Через полгода Косте надоело бегать за цифрами, и он переложил эту работу на трех членов бюро. Один должен был собирать сведения по железному лому, второй — по киносеансам, а третий — по двойкам и тройкам. Лиха беда — начало. Еще через год Костя перестал уже именоваться Костей и сделался Константином Петровичем. Он жил теперь в одном доме с директором завода, и ему по инерции подавали даже из гаража машину для поездок в горком или на стадион.
В футбол Константин Петрович, конечно, уже не играл. Теперь он только присутствовал на особо ответственных матчах сезона. Для Кости ставился специальный стул в директорской ложе, и он одиноко переживал все перипетии игры.
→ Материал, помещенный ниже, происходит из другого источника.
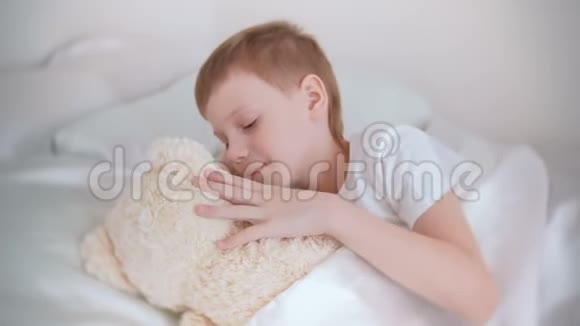 七岁的男孩醒来抚摸着躺在床上的玩具熊视频的预览图
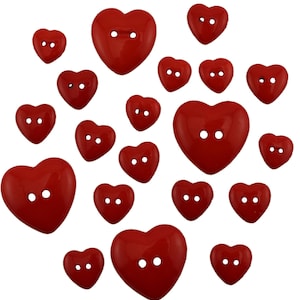 May include: A selection of glossy red heart-shaped buttons, each with two holes. The buttons are in various sizes and are arranged on a white backdrop. These decorative buttons are ideal for sewing and craft projects.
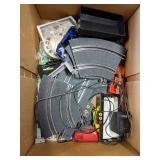 Pallet lot of Miscellaneous - Size 13 Nike Shoes, Electric Car Racetrack, Automotive Emergency Kit, Large Roll of Plastic Sheeting, Windshield Wipers (24", 26", and 28"), Misc. Tools, and More!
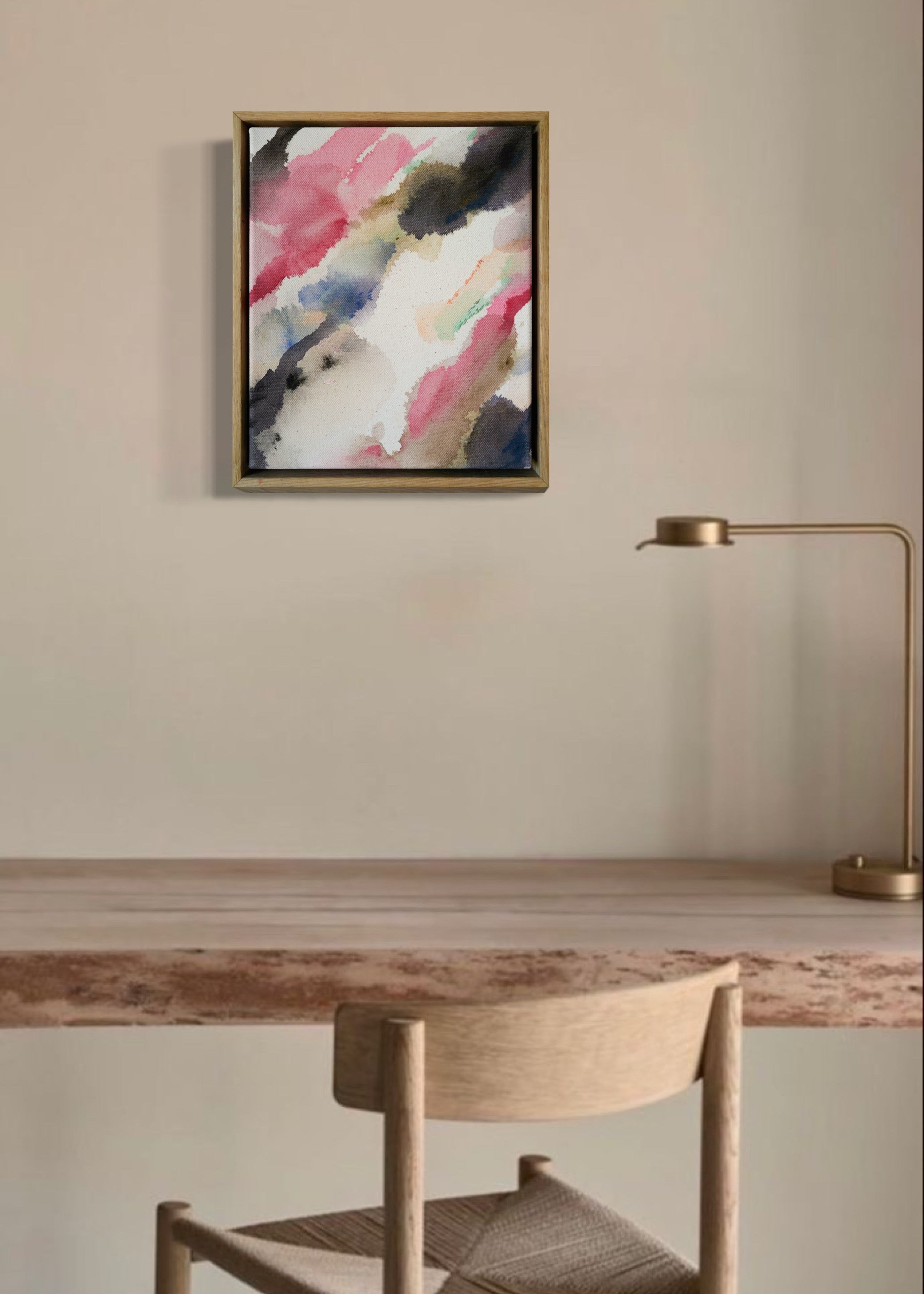 Abstract acrylic watercolor painting in a wooden frame. Soft pink, grey, and brown hues blend on a raw canvas, creating a calm, fluid effect.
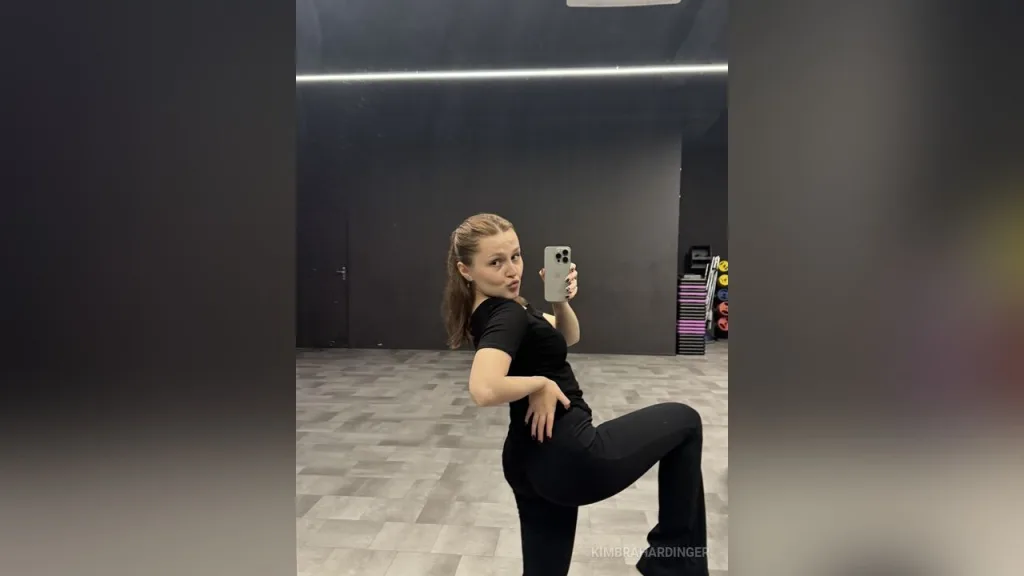 Blonde woman in a black t-shirt posing with a relaxed expression in a bright indoor setting.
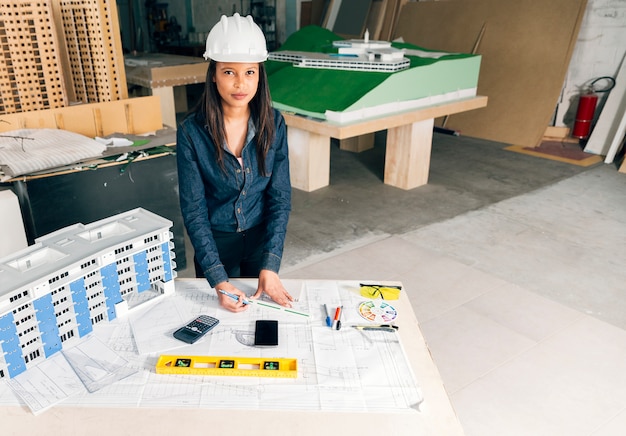 serious-african-american-lady-safety-helmet-standing-near-model-building-table_23-2148039867 serious-african-american-lady-safety-helmet-standing-near-model-building-table_23-2148039867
Правда, иногда и ему хотелось вскочить вместе со всеми другими болельщиками и кричать в порыве азарта:
— Давай, Вася, бей!
Но Константин Петрович сдерживался, чтобы не уронить авторитета,
— Молодец, Васька, лихо влепил гол под перекладину!
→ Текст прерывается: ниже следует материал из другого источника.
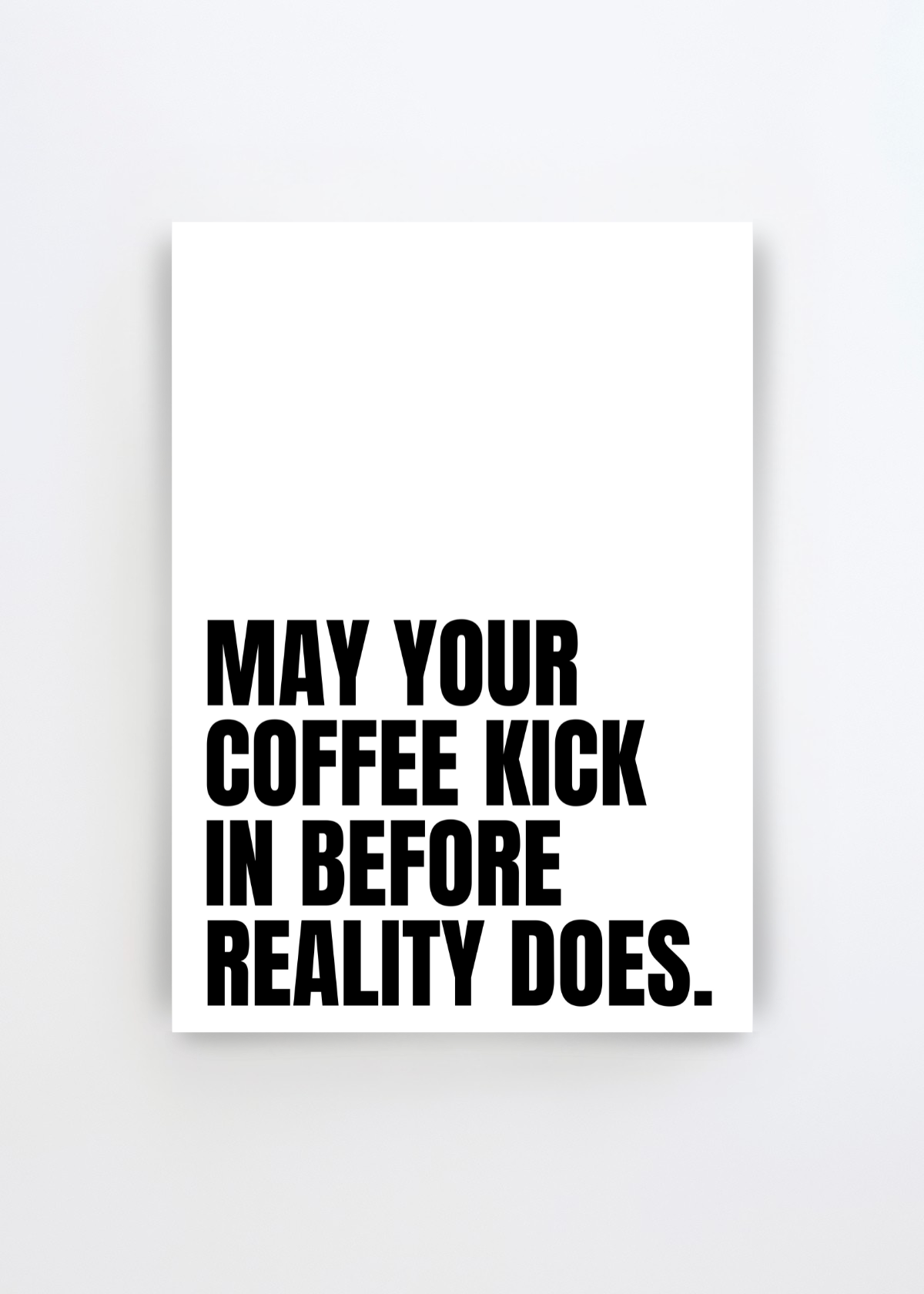 Morning Brew Boost by Athene Fritsch typographic art print featuring the phrase “May Your Coffee Kick In Before Reality Does.” in bold black lettering on a clean white background.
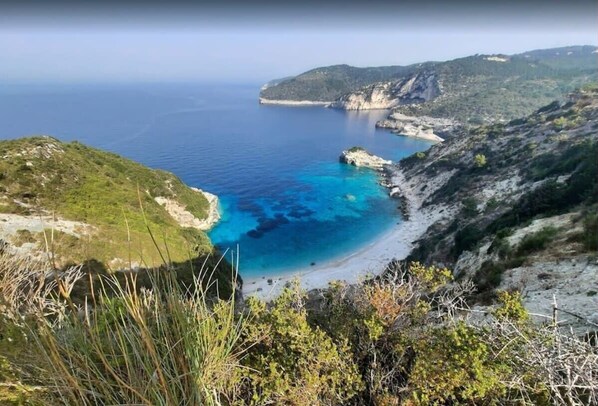 A coastal landscape with a clear view of the sea, rocky terrain, and vegetation.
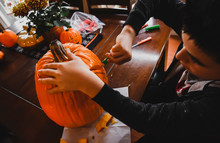 Close-up Of Boy Carving Pumpkin For Jack O' Lantern While Sitting At Home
А если этот знакомый, обрадованный секретарским вниманием, подходил после матча к Квасову, чтобы поговорить о каком-нибудь деле, Константин Петрович снисходительно слушал его у открытой дверцы машины и говорил, давая одновременно шоферу знак трогаться:
— За этим, дружок, ты приходи ко мне в комитет. Я о серьезном на трамвайной подножке не разговариваю.
Но попасть в комитет на прием к Квасову было весьма нелегким делом. Константин Петрович отказывал в свидании не только комсомольцам. Он не всегда выписывал пропуск даже родной матери.
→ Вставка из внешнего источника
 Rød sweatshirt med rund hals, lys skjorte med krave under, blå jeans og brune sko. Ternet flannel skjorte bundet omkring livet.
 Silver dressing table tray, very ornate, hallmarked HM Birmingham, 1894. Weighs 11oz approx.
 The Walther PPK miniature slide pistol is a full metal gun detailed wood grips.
— Скажите Марфе Григорьевне, — говорил Квасов Дусе, — пусть зайдет в следующий раз: сегодня я занят.
Дусе не нужно было повторять приказание дважды. Она хорошо изучила нрав товарища Квасова и действовала автоматически. Рядовых комсомольцев она направляла для разговоров к членам бюро, активистов — к заместителю секретаря, а если звонил Вельможкин, то не стеснялась даже говорить самому Вельможкину:
— У Константина Петровича совещание; как только он освободится, я вас сейчас же соединю с ним.
За три года ученик Вельможкина так прочно вошел "в курс", так безнадежно очерствел, что вряд ли кто из нас признал бы в нем сейчас того самого доброго паренька, который так многообещающе улыбался читателям с фотографии, напечатанной в газете. Да что фотография! Марфа Григорьевна, и та перестала верить, что когда-то была матерью правого края. Бедной женщине начало казаться уже, что ее сын родился с телефонной трубкой в руках и первой фразой, которую ребенок сказал матери, была: "Зайдите в следующий раз. Сегодня я занят".
В декабре прошлого года Вельможкин был переброшен на работу в городской коммунхоз, и на его место в горкоме сел Квасов. Когда на следующий день заводские комсомольцы пришли в горком, то они увидели в приемной секретаря знакомую фигуру златовласой Дуси.
— Что, занят? — безнадежно спросили комсомольцы,
— Да, — привычно ответила Дуся. — Вам придется обратиться к инструктору.
Но комсомольцы не обратились на сей раз к инструктору. Они взяли и прислали письмо в редакцию.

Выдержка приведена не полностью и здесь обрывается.